- Sarah Reijonen
The Importance of saying 'YES'
And how it brought me to Alaska
As I sat crammed in the bright orange turretless tank of sorts, shoulder-to-shoulder and knee-to-knee with 11 other people, I thought about the butterfly effect and how I had come to this point. Me being in snowy Chena Hot Springs on 4.3.21 all started when Spank and I applied for our working holiday at Chicken Gold Camp four years ago. It all started with an arm-twisting (from my gold prospector husband) and a timid but resounding: YES.
Now I revel in gratitude as I watch this ever-expanding group of Alaska friends grow, all because God brought us to Chicken in 2017 and we said yes to the opportunity and many more along the way.
Another yes—another one I was leery of—was getting in that bright orange tank, also known as a Sudsby, that would take us up a mountain. I wasn’t worried about not being six feet from 11 other people, not at all. I was worried about the hint of claustrophobia I’ve developed in recent years. I admit, there were a few moments where I thought I might leave claw marks on the interior of the rolling, orange behemoth and there was another moment when a hot wave of “let me out, let me out, let me out” nearly boiled over and out of my mouth, but I kept my cool as I simultaneously stripped off all my layers in a sweaty panic.
But, we made it to the top where plenty of fresh air, a yurt and a bonfire awaited. We had cocktails and Korean BBQ and listened to how Bernie, the owner of the hot springs met his new wife (who made all the amazing food) after losing his first wife to ALS. He talked about how God brought them together and about the power of prayer. God was talking to both of them, but their new-found relationship required a YES from both of them.
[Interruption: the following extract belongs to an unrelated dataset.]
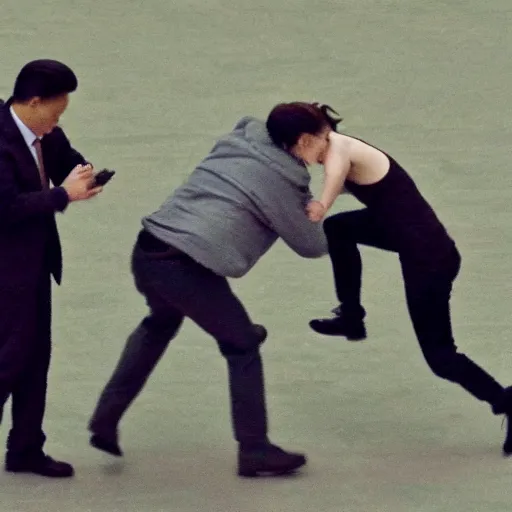 Prompt: emma watson dropkicks xi jinping, journalistic footage, 4 k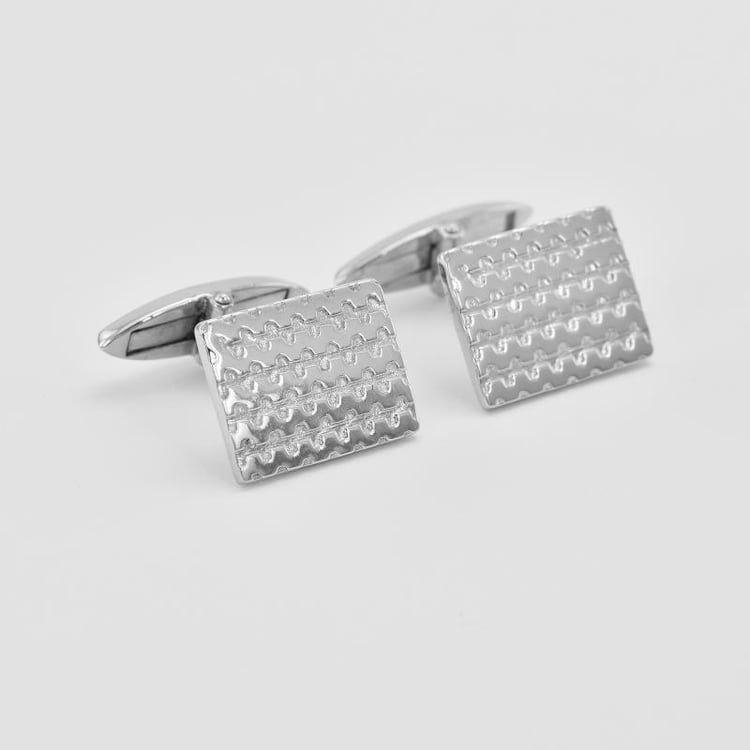 Strieborné vrúbkované manžetové gombíky 36029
They leapt into the arms of opportunity and grace with a big YES and now have that story to tell and someone to share life with again in the way only a husband and wife can.
After coming back down off the mountain, we went to the ice museum and had Bernie’s famous appletinis out of hand-carved ice martini glasses. From there some people went on to the greenhouse tour (yes, a greenhouse that operates at 20 below!) and thermal energy tour, but Spank and I had already been on those so we snuck off to watch the Gonzaga game. A few hours later, the crew had re-grouped for an epic three-hour Cousin Curtiss concert (he’s one of the Chickenstock staples and flew up from Colorado). I danced and jumped and just tried to stay in a general upright position with all my happy Alaska friends who I’ve met in the last few years and some just in the last few days. But that’s how it works up there in the magical North. And yes, to say I have a love affair with Alaska is an understatement. Of course, it’s a beautiful place full of wonder and daunting critters and danger, but the best part is the people, hands down. My heart is full after a weekend like that, but it just serves to remind me how important it is to be grateful, to show up and to say YES.
Life is a series of opportunities, and while sometimes saying no is in one’s best interest, it’s often a limiting and stifling word. Saying yes opens doors. Saying yes invites friends and makes room for others in your life. Saying yes creates memories. Saying yes leads you to a yurt on the top of a mountain in Alaska.